Is paraffin in Anthropologie candles a health concern?

Paraffin combustion releases benzene, toluene, and soot, which are recognized indoor air pollutants. The amount in a soy-paraffin blend depends on the percentage (which Capri Blue does not disclose), but any paraffin contributes some VOCs. For sensitive lungs, headache-prone people, or pregnancy, a paraffin-free candle is the safer choice.

What is a cleaner alternative to Capri Blue?

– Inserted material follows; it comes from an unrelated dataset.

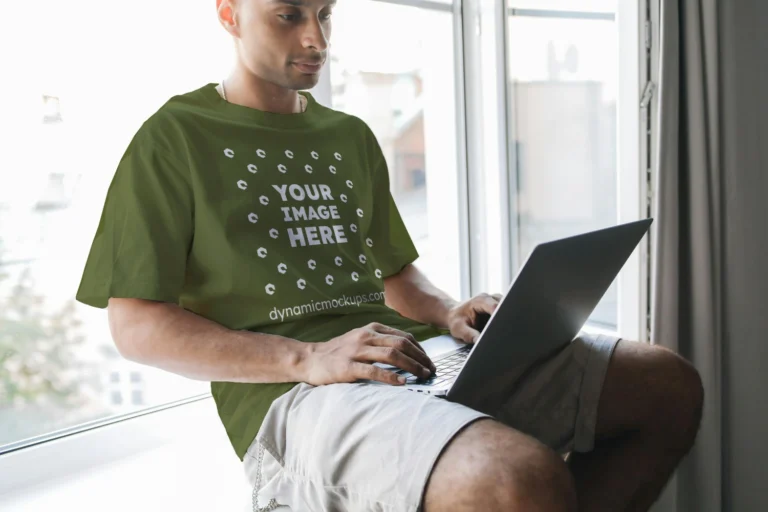 Man Wearing Olive Green T-shirt Mockup Front View Template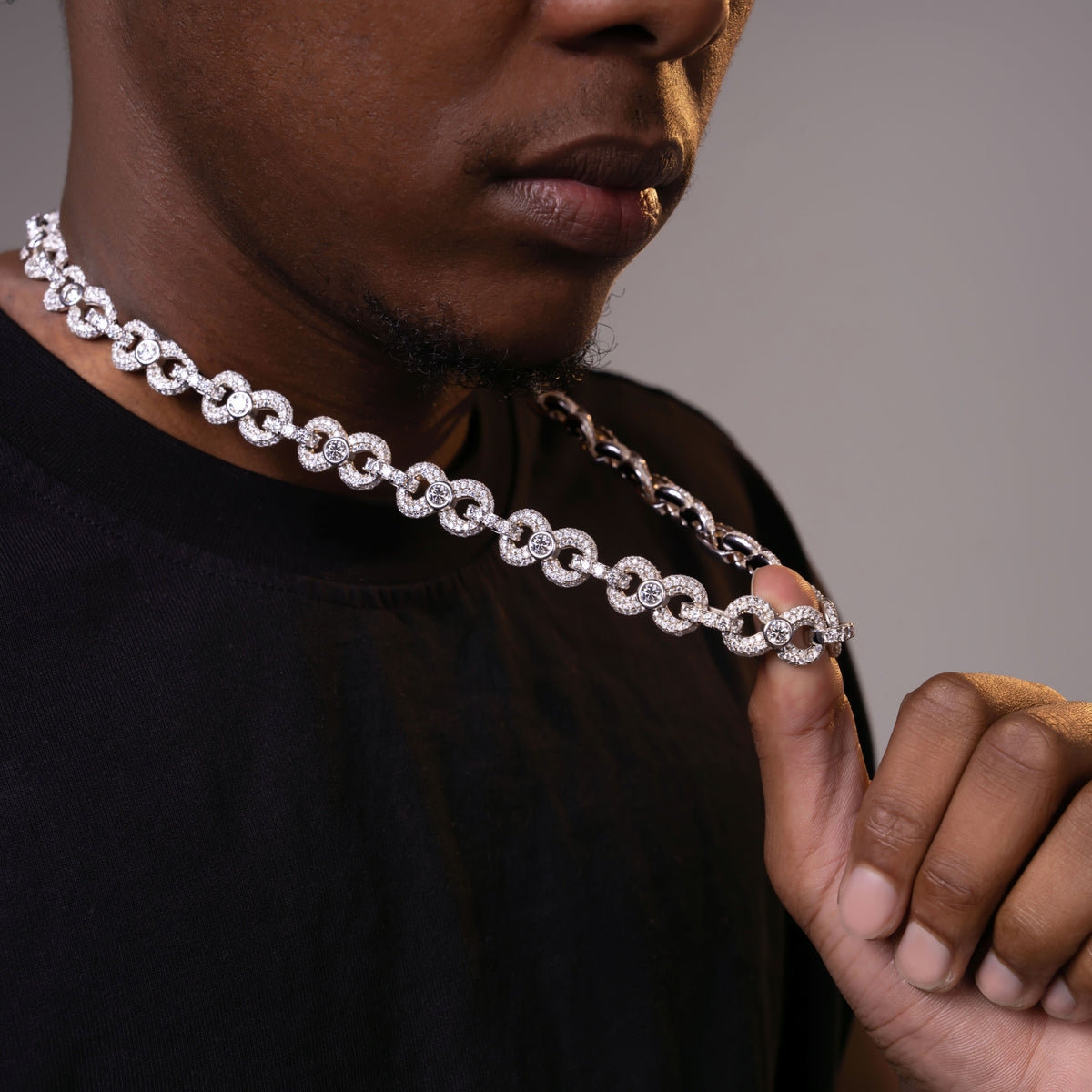 13mm Man's Iced Out Moissanite Infinite Cuban Necklace & Bracelet – product view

For a similarly bold scent profile without paraffin or undisclosed fragrance, look at 100% beeswax brands like MBur, MADE SAFE certified brands like Fontana, or 100% soy brands that explicitly state phthalate-free, like P.F. Candle Co. The Retail Therapy candle is one example of a complex scent done with clean ingredients.

What Chemicals Are in Anthropologie Candles? An Ingredient Breakdown

The Bottom Line

Anthropologie's Capri Blue candles use a soy-paraffin blend (with food-grade paraffin), cotton wicks, undisclosed fragrance formulations, and synthetic dyes. They are not in the clean-candle category, do not state phthalate-free, and contain paraffin in some percentage. For buyers prioritizing indoor air quality, a fully transparent 100% beeswax or 100% pure soy candle with stated phthalate-free fragrance is the cleaner alternative.